Enthalpy (H) is always referred to some reference level or datum, so that the quantities are relative to this datum. Working out energy balances is then just a matter of considering the various quantities of materials involved, their specific heats, and their changes in temperature or state (as quite frequently latent heats arising from phase changes are encountered). Figure 4.3 illustrates the heat balance.

Heat_Balance_1.JPG

Heat is absorbed or evolved by some reactions in processing but usually the quantities are small when compared with the other forms of energy entering into food processing such as sensible heat and latent heat. Latent heat is the heat required to change, at constant temperature, the physical state of materials from solid to liquid, liquid to gas, or solid to gas. Sensible heat is that heat which when added or subtracted from materials changes their temperature and thus can be sensed. The units of specific heat are J/kg K and sensible heat change is calculated by multiplying the mass by the specific heat by the change in temperature, (m x c x ΔT). The units of latent heat are J/kg and total latent heat change is calculated by multiplying the mass of the material, which changes its phase by the latent heat. Having determined those factors that are significant in the overall energy balance, the simplified heat balance can then be used with confidence in industrial energy studies. Such calculations can be quite simple and straightforward but they give a quantitative feeling for the situation and can be of great use in design of equipment and process.

Example: Dryer heat balance

A textile dryer is found to consume 4 m3/hr of natural gas with a calorific value of 800 kJ/mole.

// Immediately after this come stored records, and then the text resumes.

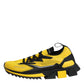 Yellow SORRENTO Sport Stretch Sneakers Shoes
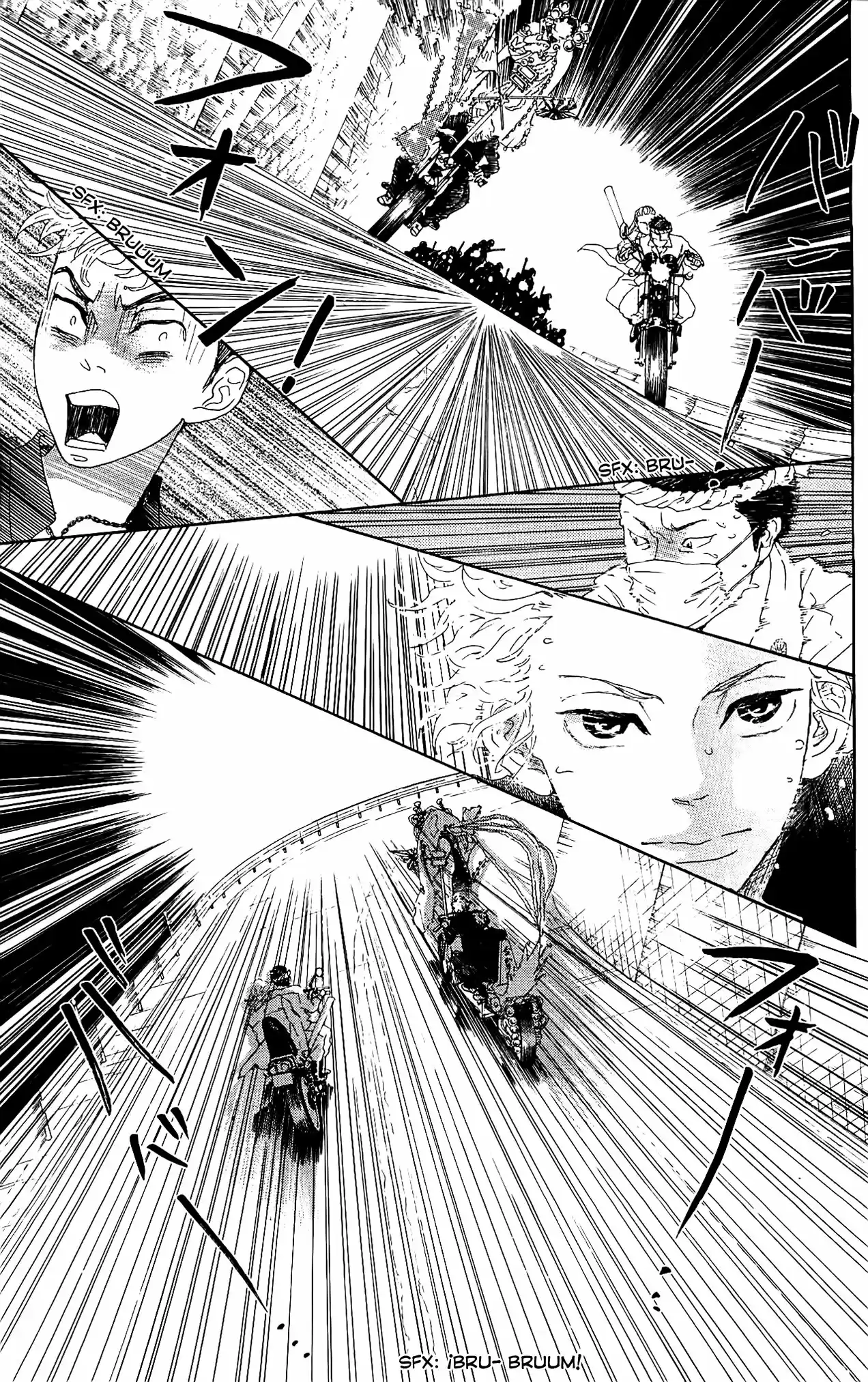 Oboreru Knife (2004) - Capítulo 43 - Página 28 - LectorTMOo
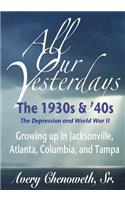 All Our Yesterdays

If the throughput of the dryer is 60 kg of wet cloth per hour, drying it from 55% moisture to 10% moisture, estimate the overall thermal efficiency of the dryer taking into account the latent heat of evaporation only.

60 kg of wet cloth contains

60 x 0.55 kg water = 33 kg moisture

and 60 x (1-0.55) = 27 kg bone dry cloth.

As the final product contains 10% moisture, the moisture in the product is 27/9 = 3 kg

And so Moisture removed / hr = 33 - 3 = 30 kg/hr

Latent heat of evaporation = 2257 kJ/K

Heat necessary to supply = 30 x 2257 = 6.8 x 104 kJ/hr

Assuming the natural gas to be at standard temperature and pressure at which 1 mole occupies 22.4 litres

Rate of flow of natural gas = 4 m3/hr = (4 x 1000)/22.4 = 179 moles/hr

Heat available from combustion = 179 x 800 = 14.3 x 104 kJ/hr

Approximate thermal efficiency of dryer = heat needed / heat used

= 6.8 x 104 / 14.3 x 104 = 48%

To evaluate this efficiency more completely it would be necessary to take into account the sensible heat of the dry cloth and the moisture, and the changes in temperature and humidity of the combustion air, which would be combined with the natural gas. However, as the latent heat of evaporation is the dominant term the above calculation gives a quick estimate and shows how a simple energy balance can give useful information.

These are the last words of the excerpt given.